Top of DATASET RECORDS
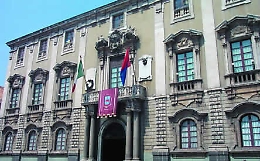 Dissesto Catania, i sindacati chiamano la città allo sciopero generale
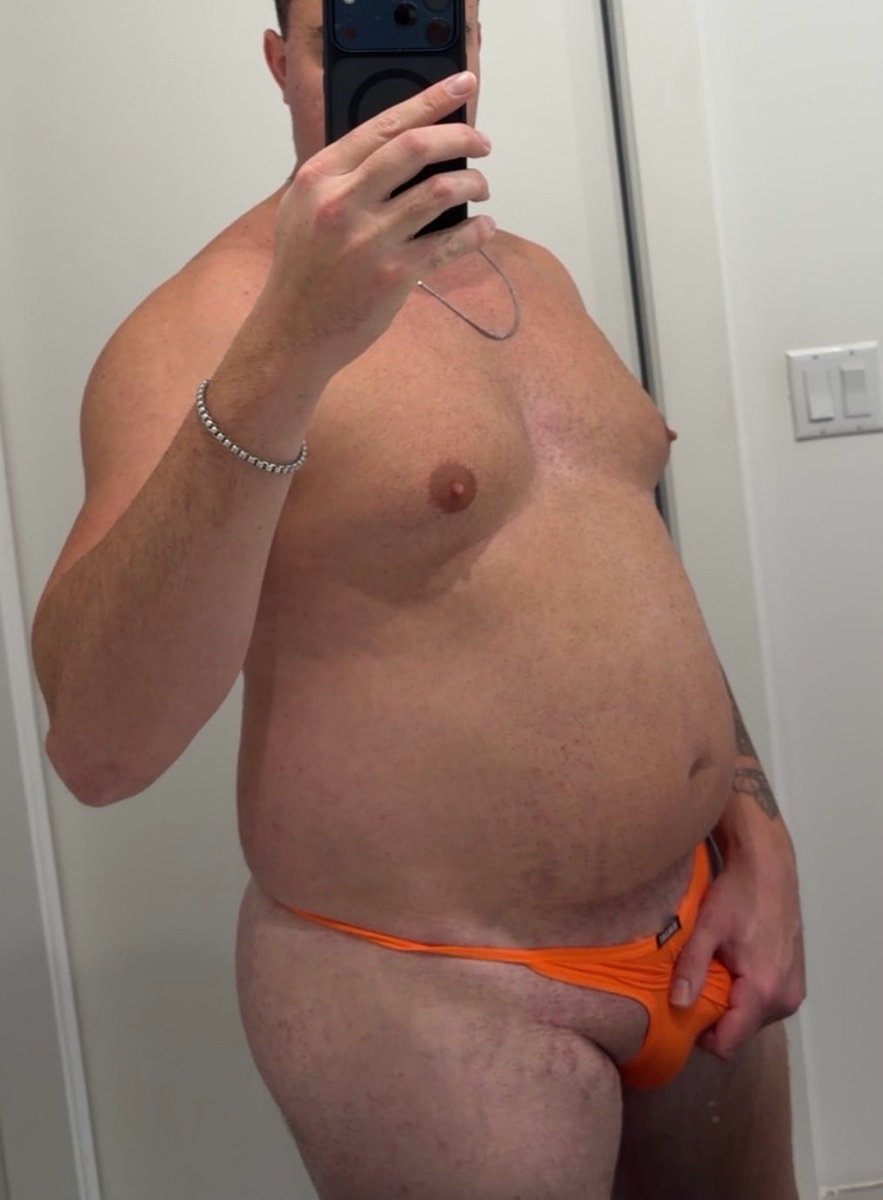 beefyalt's tweet photo. ts thong getting tight af lol https://t.co/4sJGa6y9Me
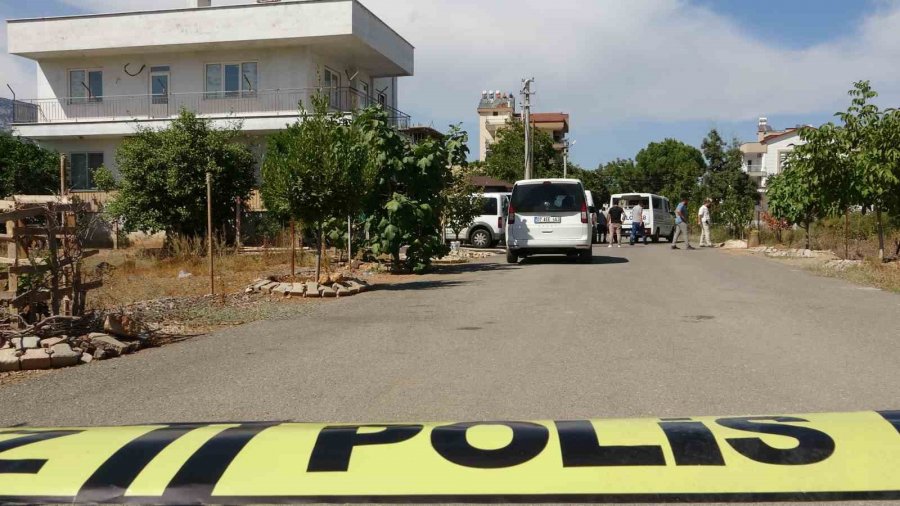 Antalya’da Tartıştığı 2 Çocuk Annesi Eşini Banyoda Av Tüfeği İle Öldürdü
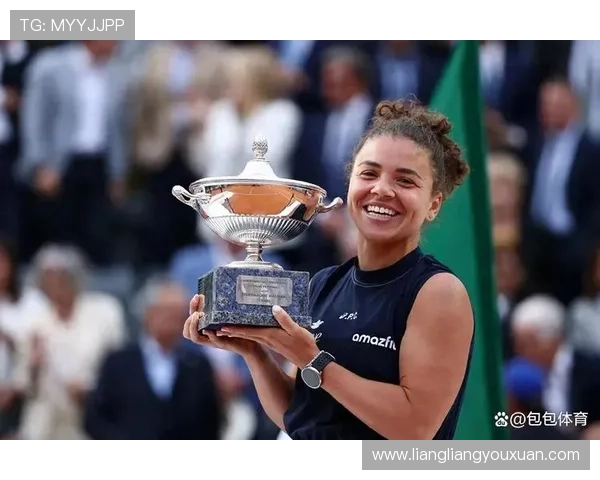 扎瓦茨卡力克群雄夺千岛湖国际网球公开赛女单桂冠精彩绽放全场瞩目 扎瓦茨卡力克群雄夺千岛湖国际网球公开赛女单桂冠精彩绽放全场瞩目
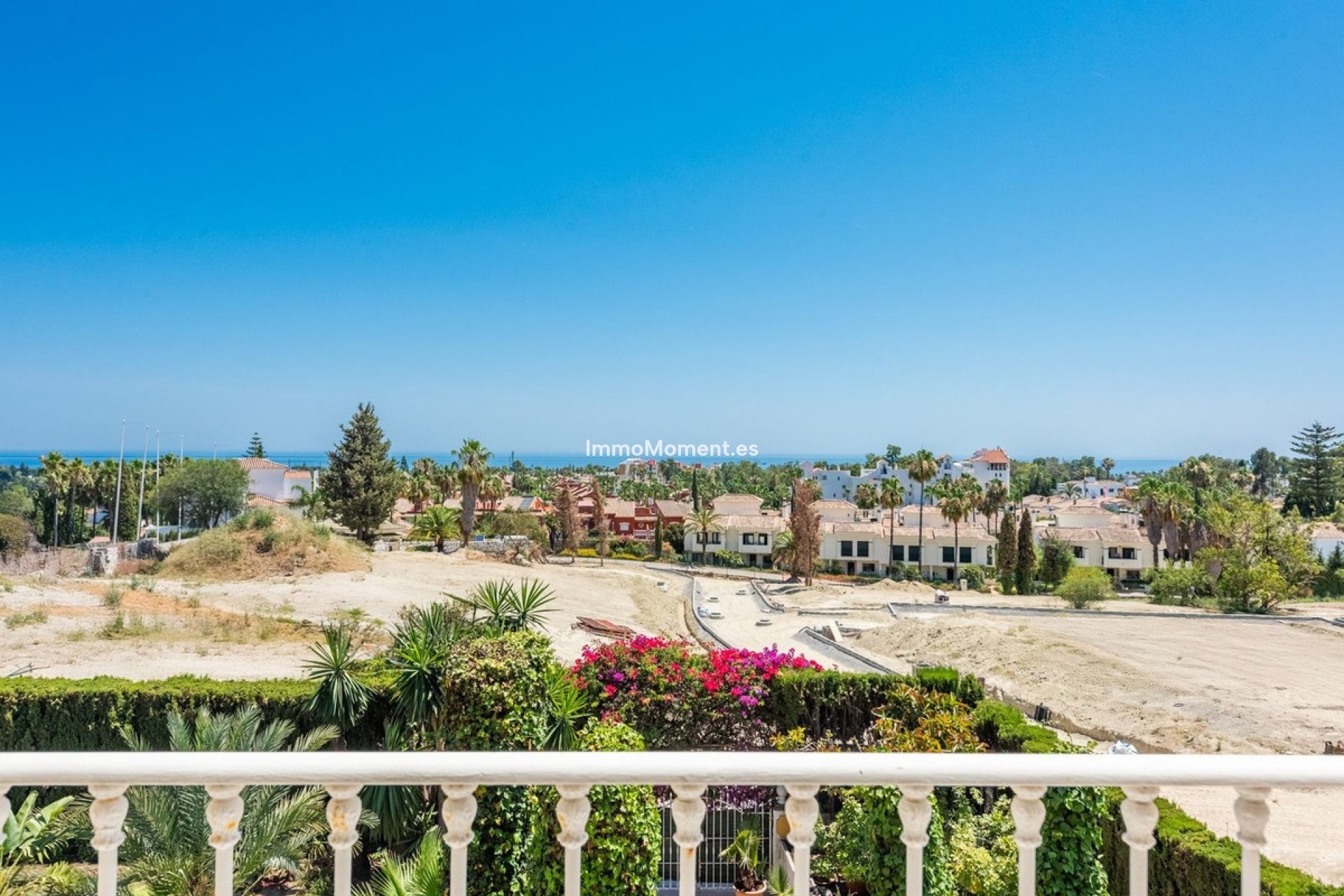 Reventa - Villa independiente - Estepona  - Atalaya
Bottom of DATASET RECORDS
### [YOUR INSTRUCTIONS]
With pictures omitted, restate exactly every line from the one containing "扎瓦茨卡力克群雄夺千岛湖国际网球公开赛女单桂冠精彩绽放全场瞩目 扎瓦茨卡力克群雄夺千岛湖国际网球公开赛女单桂冠精彩绽放全场瞩目" through the last line of the material, inclusive.

### [RESPONSE]
 扎瓦茨卡力克群雄夺千岛湖国际网球公开赛女单桂冠精彩绽放全场瞩目 扎瓦茨卡力克群雄夺千岛湖国际网球公开赛女单桂冠精彩绽放全场瞩目
 Reventa - Villa independiente - Estepona  - Atalaya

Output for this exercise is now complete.